1 - The Citarum River, Indonesia:
The Citarum has been called the world's most polluted river.
Around five million people live in the river's basin, and most
of them rely on its flow for their water supply.
2 - Chernobyl, Ukraine
Chernobyl is the town in northern Ukraine home to the Chernobyl
disaster of 1986, the worst nuclear power plant accident in
history. Once home to more than 14,000 residents, the town
remains mostly uninhabited and unsafe today due to extensive
radioactive contamination.
3 - Linfen, China
Linfen has more air pollution than any other city in the world.
Sitting at the heart of China's coal
belt, smog and soot from industrial pollutants and automobiles
blacken the air at all hours. It is said that if you hang your
laundry here, it will turn black before it dries.
4 - The North Pacific Gyre
An island of trash twice the size of Texas floats in the middle
of the Pacific Ocean, circulated by the currents of the North
Pacific Gyre. The trash, which is mostly made up of plastic
debris, floats as deep as 30 feet below the surface.
5 - Rondônia, Brazil
Rondônia is a state in northwest Brazil which, along with the
states of Mato Grosso and Pará, is one of the most deforested
regions of the Amazon rain forest.
Thousands of acres of forest have
been slashed and burned here, mostly to make room for cattle
ranching.
6 - Yamuna River, India:
The Yamuna is the largest tributary of the Ganges River.
Where it flows through Delhi, it's
estimated that 58 percent of the city's waste gets dumped
straight into the river.
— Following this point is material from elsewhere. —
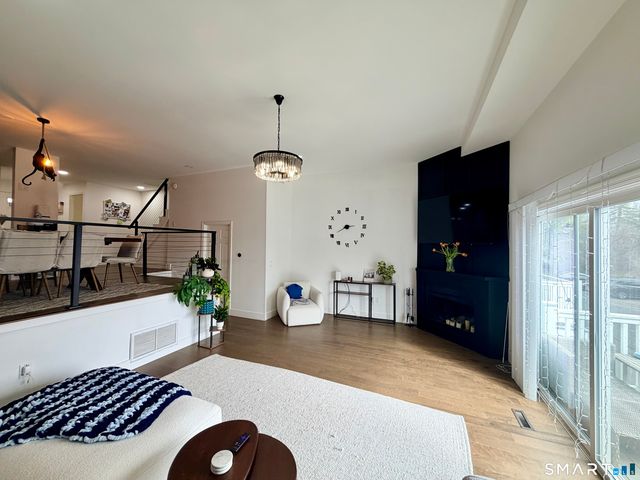 235 Brittany Farms Road APT G, New Britain, CT 06053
Millions of Indians still rely on these
murky, sewage-filled waters for washing, waste disposal and
drinking water.
7 - La Oroya, Peru
La Oroya is a soot-covered mining town in the Peruvian Andes.
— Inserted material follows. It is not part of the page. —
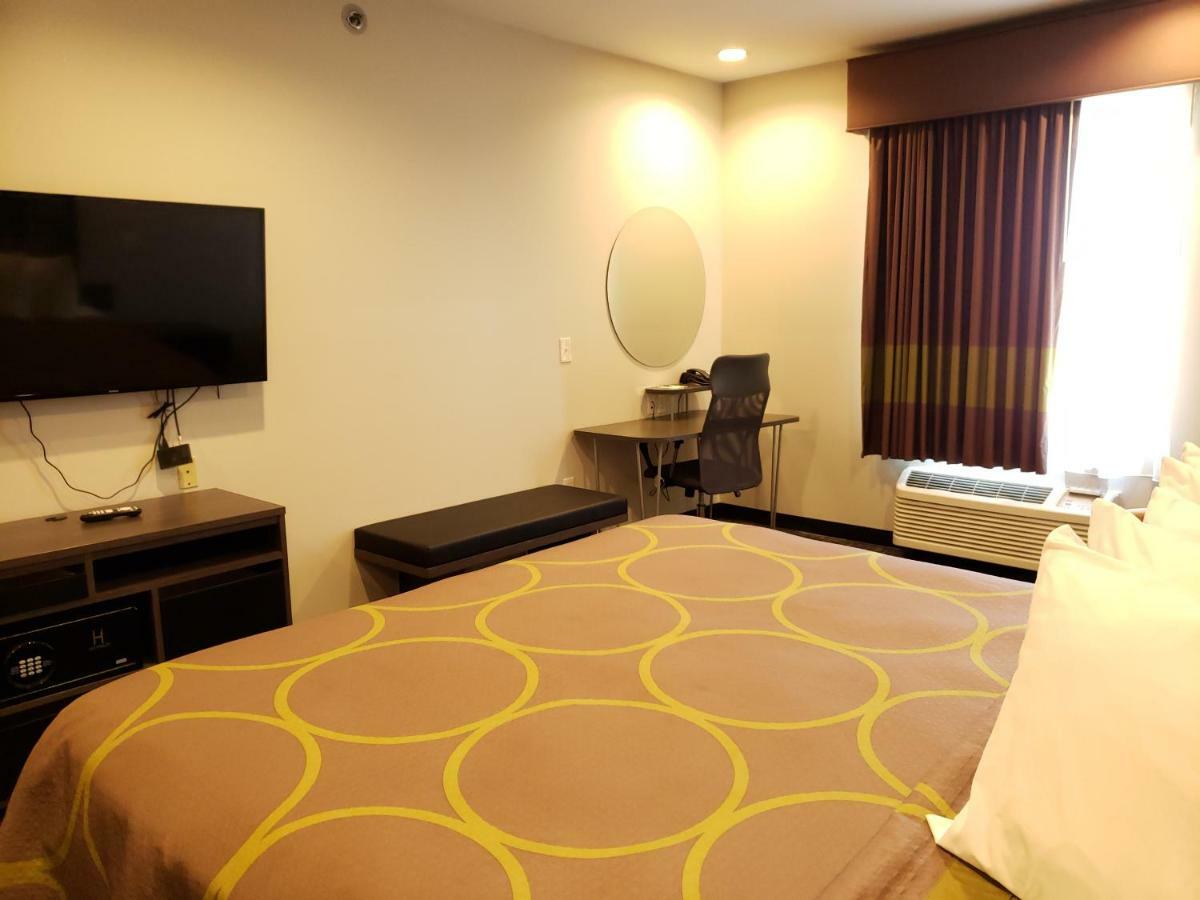 Hotel Super 8 By Wyndham St. Louis North Esterno foto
Ninety-nine percent of the children
who live here have blood levels that exceed acceptable limits
for lead poisoning, which can be directly attributed to an
American-owned smelter that has been polluting the city since
1922.
8 - Lake Karachay, Russia
According to a report by the Worldwatch Institute on nuclear
waste, Karachay is the most polluted spot on Earth.
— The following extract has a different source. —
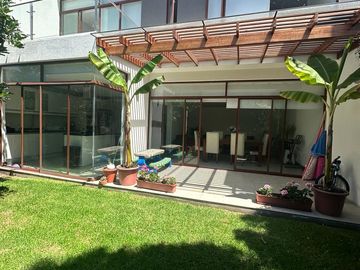 Casa de tres dormitorios en Tumbaco-Hilacril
It was used by the Soviet Union as a
nuclear dumping site, and now the radiation level here is so
high that it's sufficient to give a lethal dose after just an
hour of exposure.
9 - Haiti
The nation of Haiti was once 60 percent covered in forest.
Today, only 2 percent of the country
still has standing trees. This picture shows an aerial of the
border between Haiti (left) and the Dominican Republic (right).
Haiti has cleared almost every tree
right up to its borders. And with the recent devastating
earthquake, the island's environmental situation has worsened.
10 - Kabwe, Zambia
Lead and cadmium soak the hills of Kabwe after decades of mining
and processing.
Children here have lead
concentrations five to 10 times the permissible U.S.
Environmental Protection Agency levels, and the ground is so
contaminated that nothing can be grown.
11 - Appalachia, West Virginia
Mountaintop removal mining is one of the world's most
environmentally destructive practices, and it is most associated
with coal mining in West Virginia's Appalachian Mountains.
Whole mountaintops are removed to
get to the coal, which increases erosion and runoff thick with
pollutants, poisoning streams and rivers throughout the region.
12 - Dzerzhinsk, Russia
The Guinness Book of World Records has named Dzerzhinsk the most
chemically polluted city on Earth, and in 2003 its death rate
exceeded its birth rate by 260 percent. More than 300,000 tons
of chemical waste were improperly dumped here between 1930 and
1998.
13 - Riachuelo Basin, Argentina
The Riachuelo Basin is a waterway whose name is synonymous with
pollution.
More than 3,500 factories operate
along the banks of the river, a landscape that also includes 13
slums, numerous illegal sewage pipes running directly into the
river, and 42 open garbage dumps.
14 - Vapi, India
Sitting at the southern end of a 400-kilometer-long belt of
industrial estates, the town of Vapi is a dumping place for
chemicals of every kind. Levels of mercury in the groundwater
are 96 times higher than safety levels, and heavy metals are
present in the air and the local produce.
15 - Earth's Orbit
Believe it or not, even space contains copious amounts of
pollution.
An estimated 4 million pounds of
space debris - nuts, bolts, metal and carbon, even whole
spacecraft - currently orbit the Earth, threatening satellites,
communication and even the lives of our astronauts.